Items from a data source
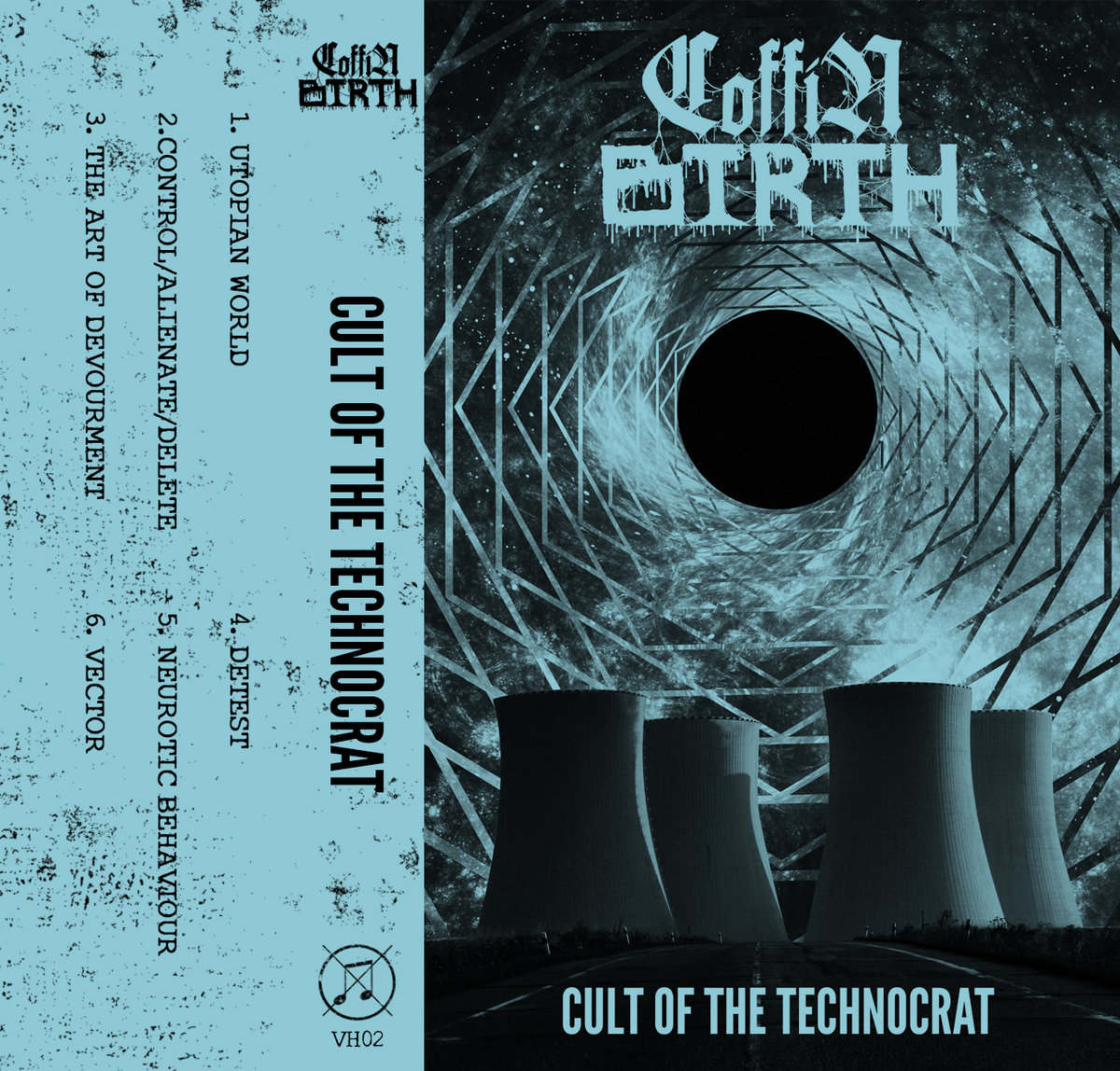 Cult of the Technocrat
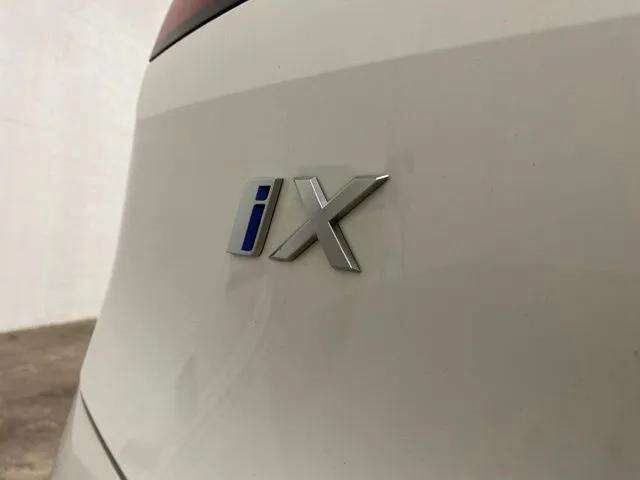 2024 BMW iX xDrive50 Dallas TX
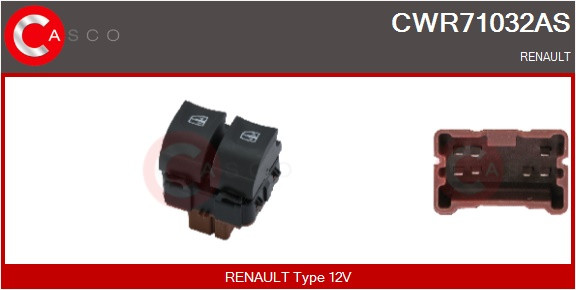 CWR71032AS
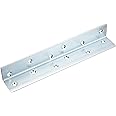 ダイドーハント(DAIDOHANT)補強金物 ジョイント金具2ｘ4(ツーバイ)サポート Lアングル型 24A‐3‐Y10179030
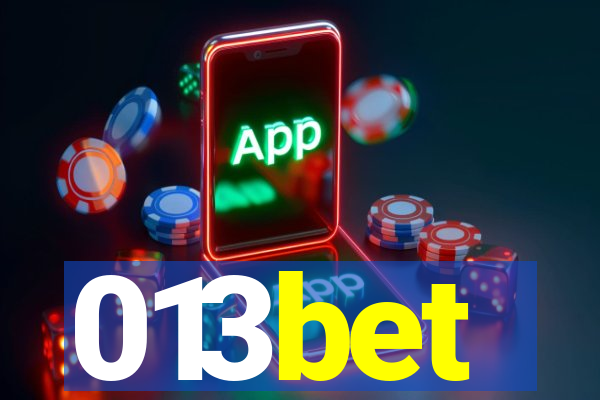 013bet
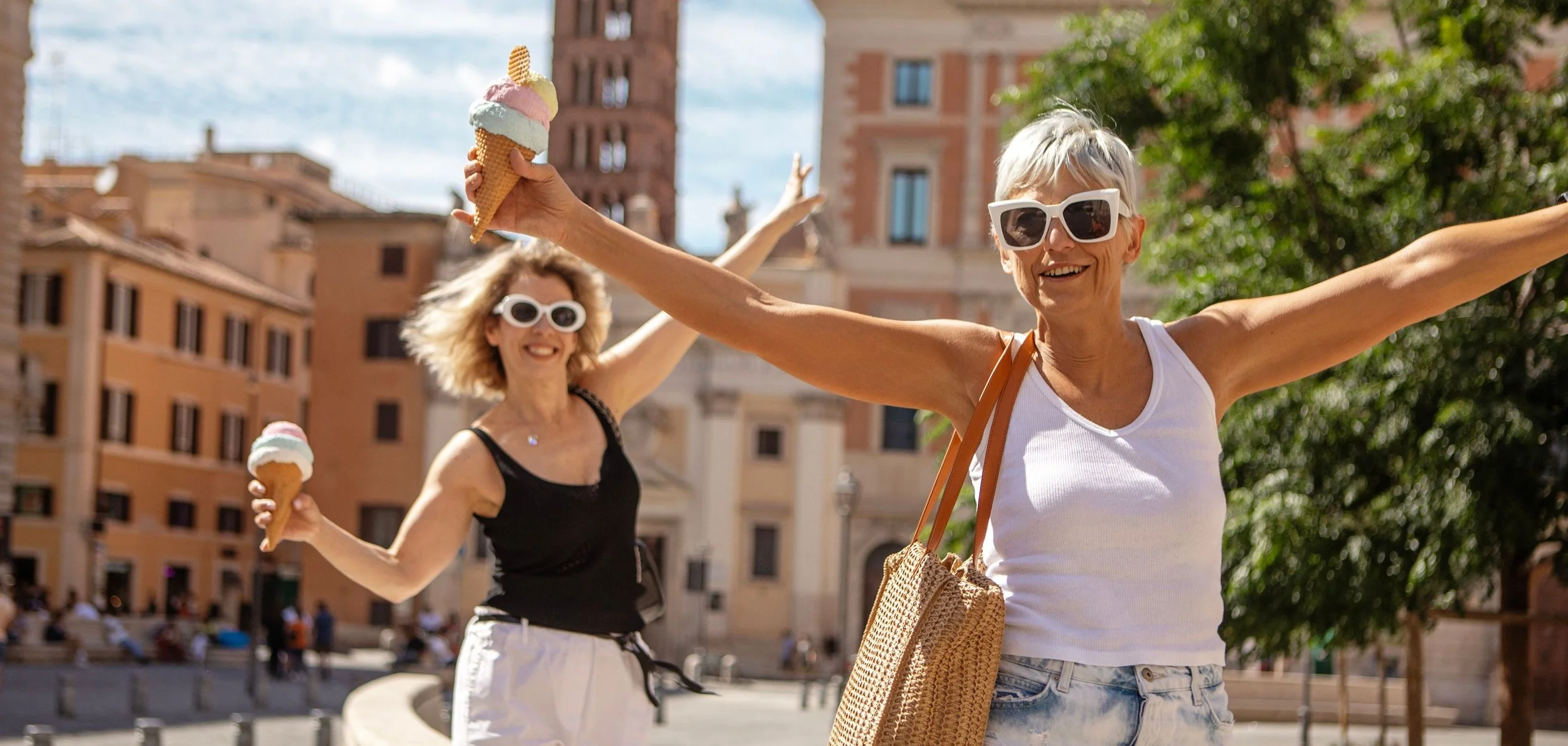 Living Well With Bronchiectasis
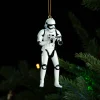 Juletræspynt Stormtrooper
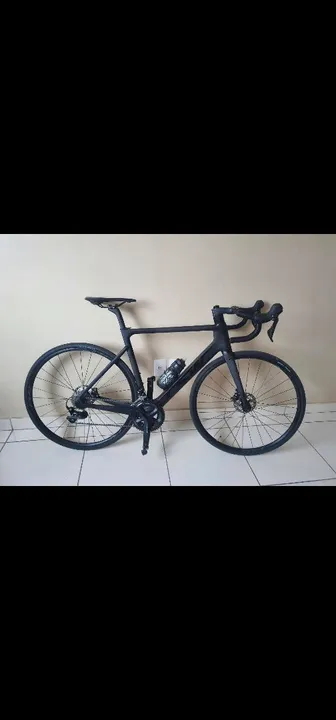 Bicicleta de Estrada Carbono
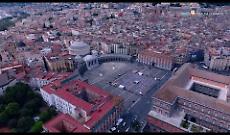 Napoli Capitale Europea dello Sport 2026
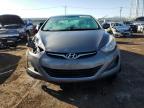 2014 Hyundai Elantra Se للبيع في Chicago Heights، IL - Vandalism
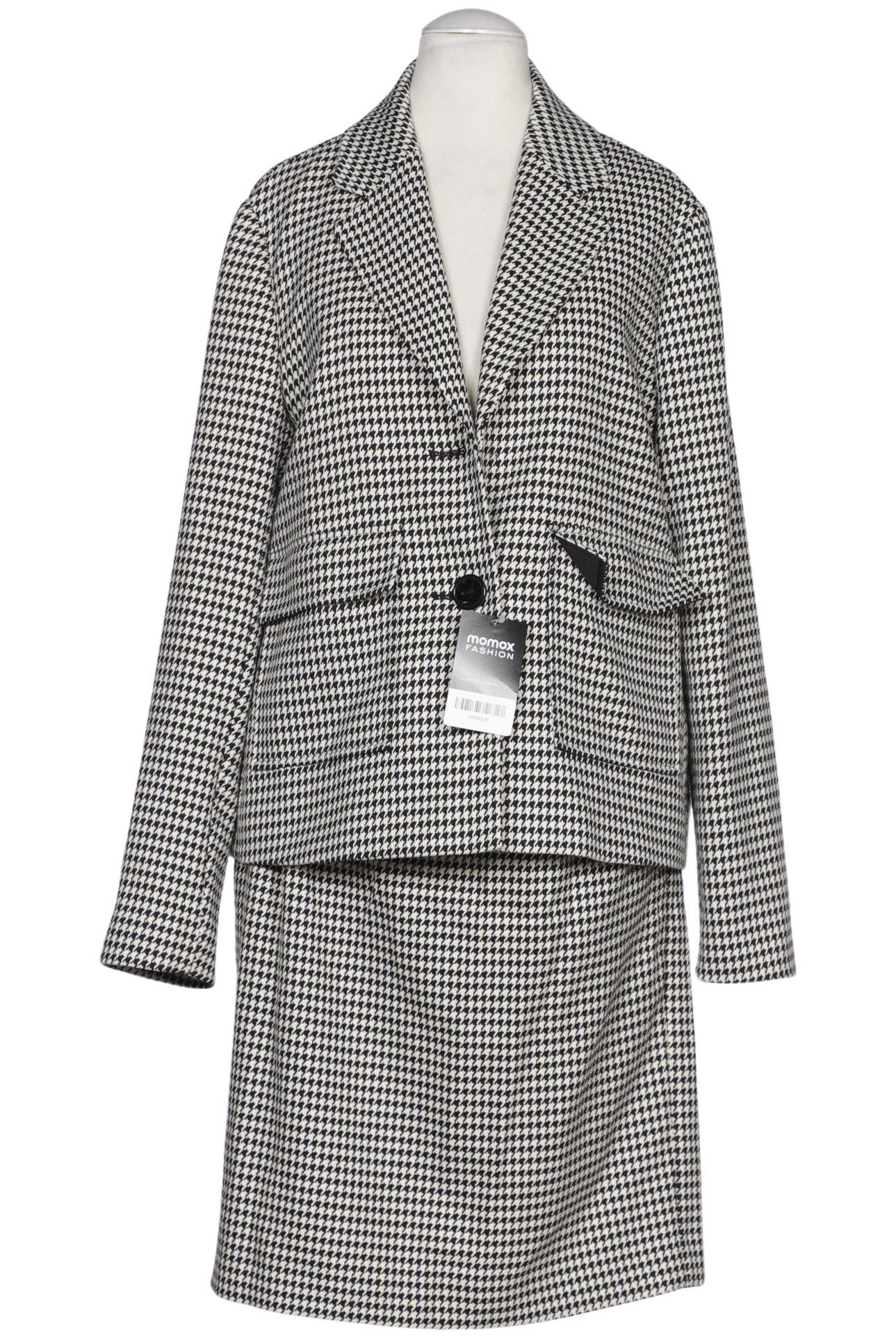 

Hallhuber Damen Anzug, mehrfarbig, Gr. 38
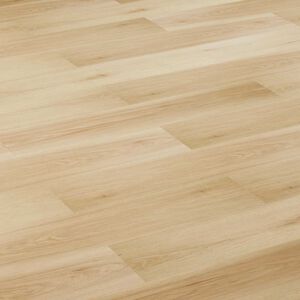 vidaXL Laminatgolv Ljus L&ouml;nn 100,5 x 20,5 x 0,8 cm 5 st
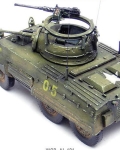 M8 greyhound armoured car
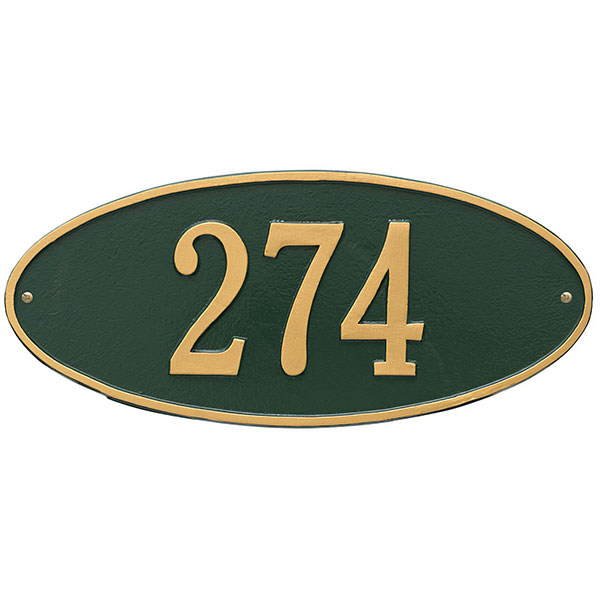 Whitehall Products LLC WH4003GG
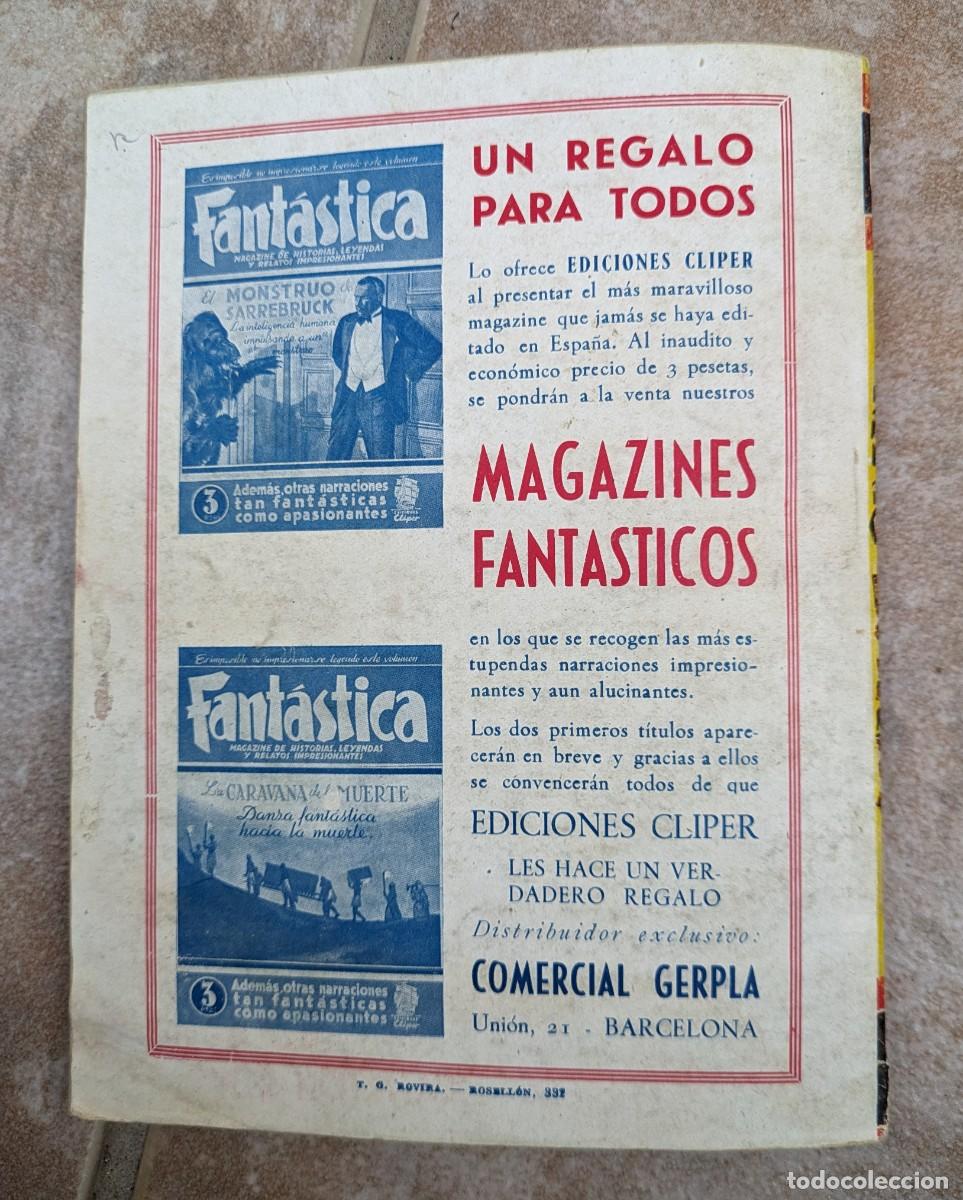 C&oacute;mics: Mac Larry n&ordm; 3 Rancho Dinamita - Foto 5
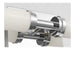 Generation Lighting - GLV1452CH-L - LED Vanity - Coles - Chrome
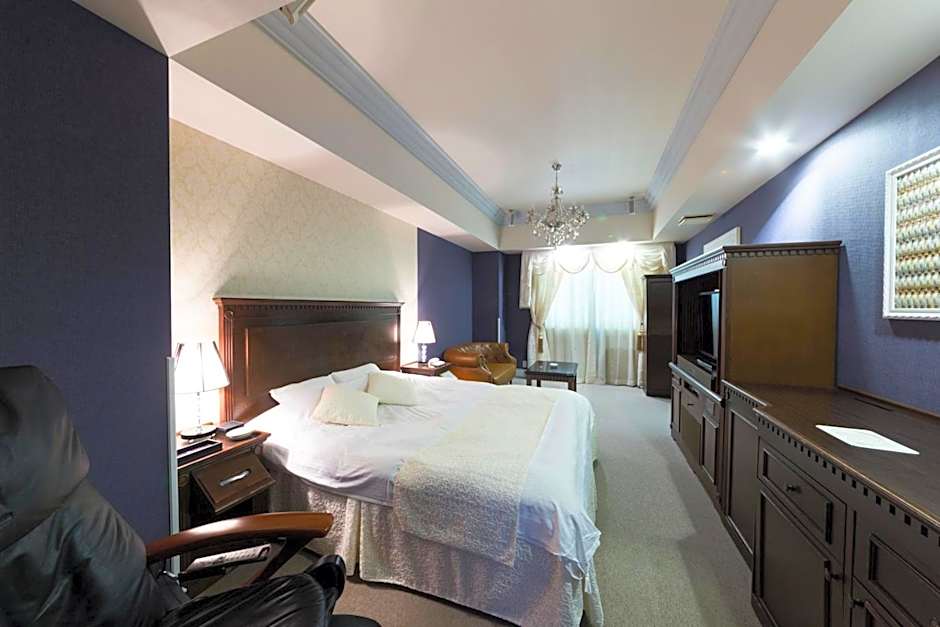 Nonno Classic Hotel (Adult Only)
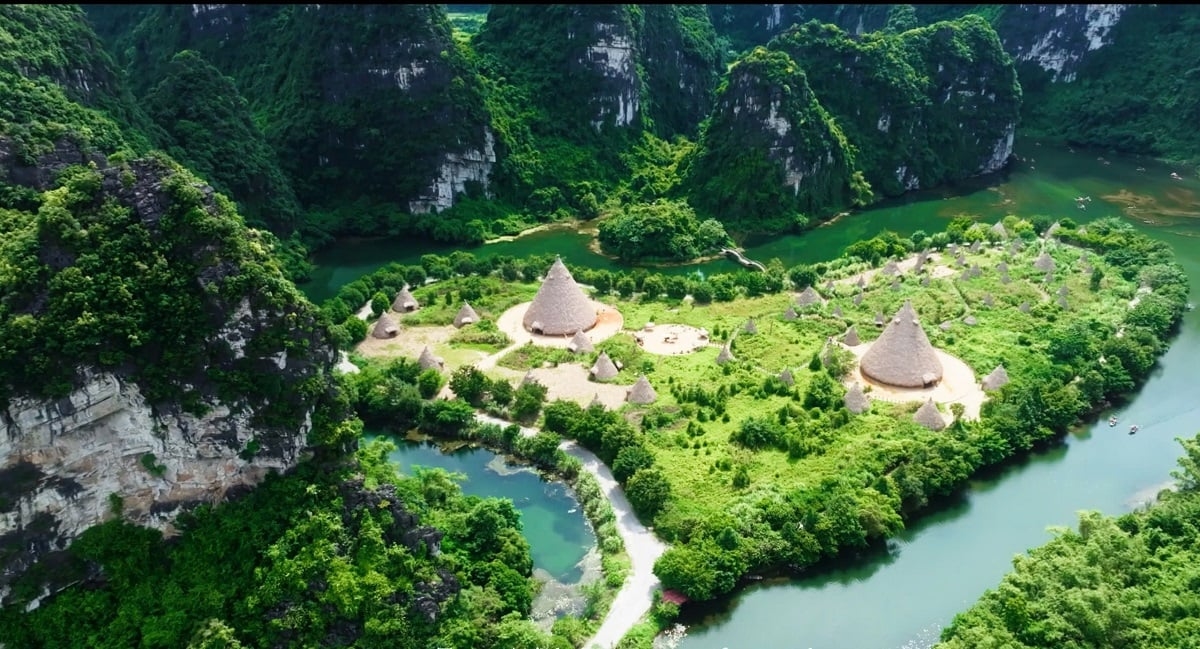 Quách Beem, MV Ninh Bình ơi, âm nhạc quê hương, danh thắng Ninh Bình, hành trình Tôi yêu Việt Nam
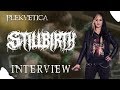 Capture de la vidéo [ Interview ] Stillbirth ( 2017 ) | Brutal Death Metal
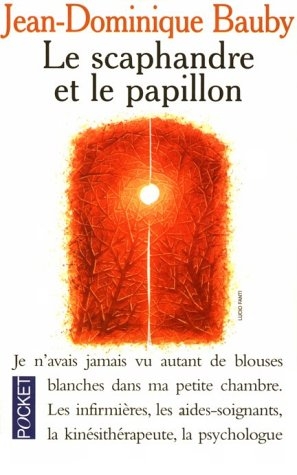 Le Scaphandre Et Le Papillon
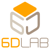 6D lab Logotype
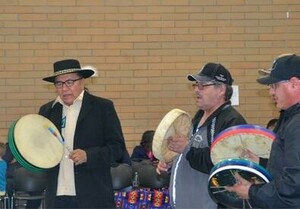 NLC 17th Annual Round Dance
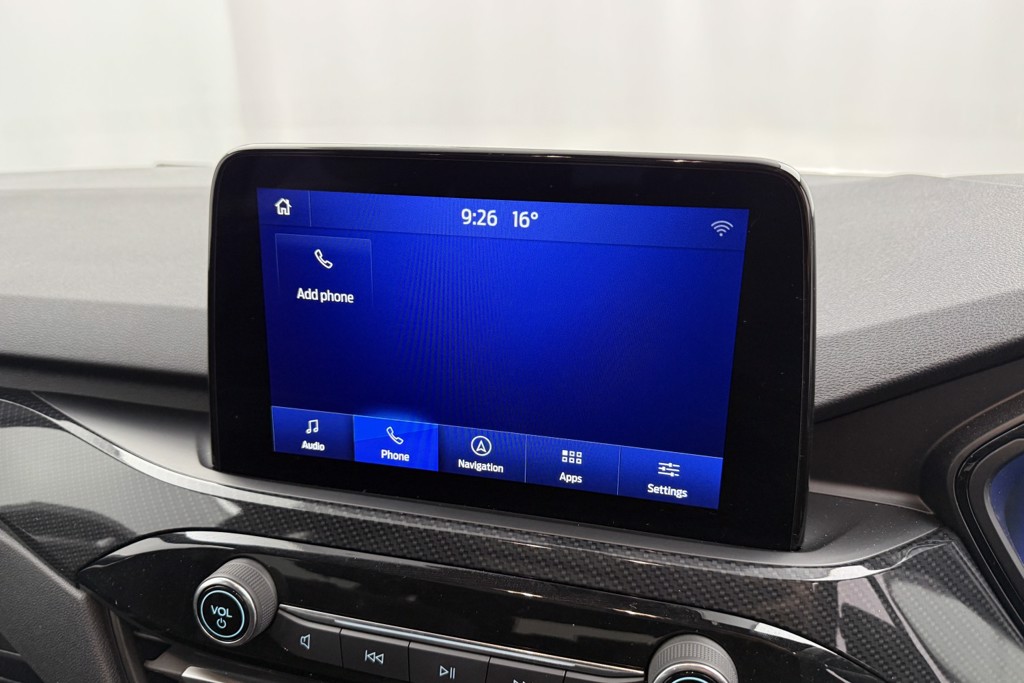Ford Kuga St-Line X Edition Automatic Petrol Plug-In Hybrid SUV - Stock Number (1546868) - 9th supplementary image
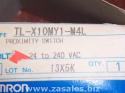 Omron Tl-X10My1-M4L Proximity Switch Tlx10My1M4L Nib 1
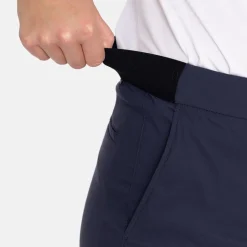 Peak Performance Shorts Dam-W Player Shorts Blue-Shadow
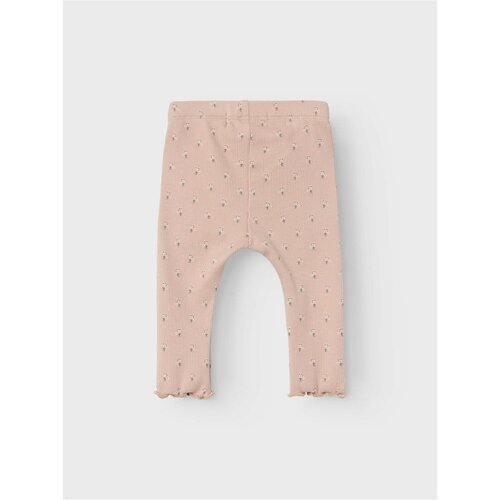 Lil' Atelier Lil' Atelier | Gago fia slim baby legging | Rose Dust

What is being asked:
Give back each entry exactly as it appears. Leave pictures out.

Response area:
 Cult of the Technocrat
 2024 BMW iX xDrive50 Dallas TX
 CWR71032AS
 ダイドーハント(DAIDOHANT)補強金物 ジョイント金具2ｘ4(ツーバイ)サポート Lアングル型 24A‐3‐Y10179030
 013bet
 Living Well With Bronchiectasis
 Juletræspynt Stormtrooper
 Bicicleta de Estrada Carbono
 Napoli Capitale Europea dello Sport 2026
 2014 Hyundai Elantra Se للبيع في Chicago Heights، IL - Vandalism

Hallhuber Damen Anzug, mehrfarbig, Gr. 38
 vidaXL Laminatgolv Ljus L&ouml;nn 100,5 x 20,5 x 0,8 cm 5 st
 M8 greyhound armoured car
 Whitehall Products LLC WH4003GG
 C&oacute;mics: Mac Larry n&ordm; 3 Rancho Dinamita - Foto 5
 Generation Lighting - GLV1452CH-L - LED Vanity - Coles - Chrome
 Nonno Classic Hotel (Adult Only)
 Quách Beem, MV Ninh Bình ơi, âm nhạc quê hương, danh thắng Ninh Bình, hành trình Tôi yêu Việt Nam
 Capture de la vidéo [ Interview ] Stillbirth ( 2017 ) | Brutal Death Metal
 Le Scaphandre Et Le Papillon
 6D lab Logotype
 NLC 17th Annual Round Dance
Ford Kuga St-Line X Edition Automatic Petrol Plug-In Hybrid SUV - Stock Number (1546868) - 9th supplementary image
 Omron Tl-X10My1-M4L Proximity Switch Tlx10My1M4L Nib 1
 Peak Performance Shorts Dam-W Player Shorts Blue-Shadow
 Lil' Atelier Lil' Atelier | Gago fia slim baby legging | Rose Dust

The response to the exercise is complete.